[Exercise requirements] Scan the lines below for the word "iPhone". Copy each line you find it in.

Dataset section start

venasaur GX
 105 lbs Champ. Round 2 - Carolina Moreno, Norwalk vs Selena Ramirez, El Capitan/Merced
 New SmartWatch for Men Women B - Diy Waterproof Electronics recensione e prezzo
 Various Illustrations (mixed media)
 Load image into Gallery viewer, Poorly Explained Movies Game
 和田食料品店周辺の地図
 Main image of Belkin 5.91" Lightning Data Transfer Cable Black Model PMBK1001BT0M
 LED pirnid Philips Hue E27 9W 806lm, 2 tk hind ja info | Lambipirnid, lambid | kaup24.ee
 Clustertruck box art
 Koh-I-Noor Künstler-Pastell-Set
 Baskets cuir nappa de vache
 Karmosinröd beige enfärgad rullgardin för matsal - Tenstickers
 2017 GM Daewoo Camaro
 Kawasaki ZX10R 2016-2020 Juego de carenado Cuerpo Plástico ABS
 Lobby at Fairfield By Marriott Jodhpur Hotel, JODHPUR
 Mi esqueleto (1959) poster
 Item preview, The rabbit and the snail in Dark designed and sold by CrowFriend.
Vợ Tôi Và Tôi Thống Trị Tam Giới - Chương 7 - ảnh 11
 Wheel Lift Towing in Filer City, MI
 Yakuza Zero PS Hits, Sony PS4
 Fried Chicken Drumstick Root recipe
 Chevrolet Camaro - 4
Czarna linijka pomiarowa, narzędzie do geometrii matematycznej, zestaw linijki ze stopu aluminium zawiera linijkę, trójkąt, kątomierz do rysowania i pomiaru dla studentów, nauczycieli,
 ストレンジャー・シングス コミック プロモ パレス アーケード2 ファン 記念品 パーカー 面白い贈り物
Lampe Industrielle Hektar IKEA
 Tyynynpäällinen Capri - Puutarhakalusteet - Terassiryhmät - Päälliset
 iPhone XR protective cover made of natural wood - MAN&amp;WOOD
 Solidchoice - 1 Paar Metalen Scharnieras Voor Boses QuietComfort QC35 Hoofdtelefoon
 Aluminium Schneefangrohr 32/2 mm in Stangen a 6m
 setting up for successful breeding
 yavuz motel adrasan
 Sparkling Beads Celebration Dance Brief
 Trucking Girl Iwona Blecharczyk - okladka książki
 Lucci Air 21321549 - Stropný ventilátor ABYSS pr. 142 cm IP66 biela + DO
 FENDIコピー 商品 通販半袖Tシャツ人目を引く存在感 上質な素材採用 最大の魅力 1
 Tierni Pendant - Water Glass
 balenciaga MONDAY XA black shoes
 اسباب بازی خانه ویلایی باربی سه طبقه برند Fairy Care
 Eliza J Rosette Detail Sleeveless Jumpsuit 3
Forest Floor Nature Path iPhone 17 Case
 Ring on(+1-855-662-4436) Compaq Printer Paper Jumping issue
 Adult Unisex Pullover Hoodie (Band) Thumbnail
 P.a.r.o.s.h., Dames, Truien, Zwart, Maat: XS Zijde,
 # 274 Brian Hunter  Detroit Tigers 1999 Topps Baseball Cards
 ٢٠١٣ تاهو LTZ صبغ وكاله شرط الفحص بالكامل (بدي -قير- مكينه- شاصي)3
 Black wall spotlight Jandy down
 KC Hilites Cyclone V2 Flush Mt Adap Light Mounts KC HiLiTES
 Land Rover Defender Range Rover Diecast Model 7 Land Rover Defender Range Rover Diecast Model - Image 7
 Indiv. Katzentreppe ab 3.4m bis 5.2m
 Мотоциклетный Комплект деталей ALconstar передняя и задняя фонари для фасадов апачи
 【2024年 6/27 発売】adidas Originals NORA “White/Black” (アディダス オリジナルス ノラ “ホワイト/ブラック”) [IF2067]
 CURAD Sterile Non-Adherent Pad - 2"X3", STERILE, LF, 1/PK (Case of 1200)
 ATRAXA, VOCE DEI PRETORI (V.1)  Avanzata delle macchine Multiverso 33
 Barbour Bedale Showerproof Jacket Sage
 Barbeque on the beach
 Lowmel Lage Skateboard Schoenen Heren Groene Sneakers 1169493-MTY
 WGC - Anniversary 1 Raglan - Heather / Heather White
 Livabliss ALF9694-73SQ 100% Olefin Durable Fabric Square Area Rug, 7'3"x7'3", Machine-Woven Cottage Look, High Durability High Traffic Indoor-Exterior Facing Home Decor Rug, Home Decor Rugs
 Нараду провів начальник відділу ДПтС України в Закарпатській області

Dataset section end

[Output below]
 iPhone XR protective cover made of natural wood - MAN&amp;WOOD
Forest Floor Nature Path iPhone 17 Case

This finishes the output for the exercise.